On the morning of Saturday, October 7, Haim Rubinstein heard the sirens go off at his home in Tel Aviv. He turned the television on and saw Hamas terrorists getting off a white pickup truck in Sderot and then watched social media footage of Israelis being kidnapped to the Gaza Strip.
Rubinstein understood instantly that these events were unprecedented, and that immediate action was needed.
He saw the first hostages being dragged away on foot, in pickup trucks and on motorcycles — including Noa Argamani, who was kidnapped from the Supernova music festival near Kibbutz Re’im aboard a motorcycle while crying for help, with her boyfriend Avinatan Or led away on foot by terrorists.
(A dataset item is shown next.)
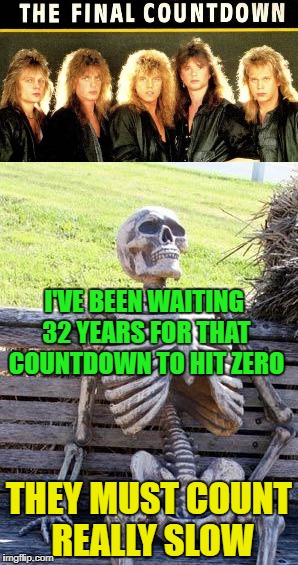 Final Countdown - Metal Mania Week (march 9th-16th) A PowerMetalhead & DoctorDoomsday180 Event | I'VE BEEN WAITING 32 YEARS FOR THAT COUNTDOWN TO HIT ZERO; THEY MUST COUNT REALLY SLOW | image tagged in funny memes,europe,metal mania week,rock music,waiting skeleton,powermetalhead | made w/ Imgflip meme maker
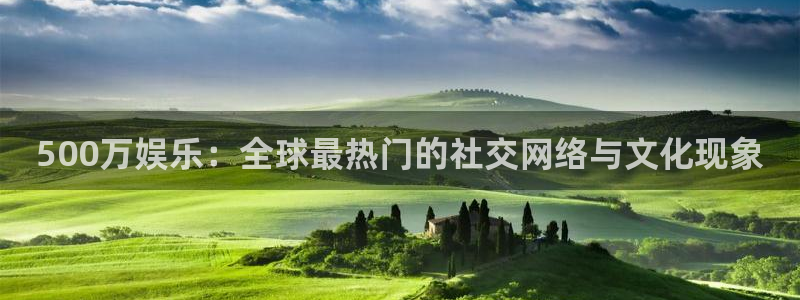 赢乐彩票平台：500万娱乐：全球最热门的社交网络与文化现象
Rubinstein, 35 — an experienced media adviser who had previously served as spokesman for former Yesh Atid MK Ofer Shelah and as a member of the party’s media team in four election campaigns — told his partner Roni: “I can no longer sit around.”
“The first thing I did was pick up the phone a few minutes after 8 a.m. and tell my clients that I had decided to take time off to help the hostages’ families,” Rubinstein told Zman Yisrael, The Times of Israel’s Hebrew-language sister site, in an interview this week.
On the same day that Hamas-led terrorists killed some 1,200 people in Israel and took 253 people hostage into Gaza, Rubinstein and his partner began collecting names of hostages who were identified in news reports and on social media. By the end of that bloody Saturday, he had already gathered 70 names.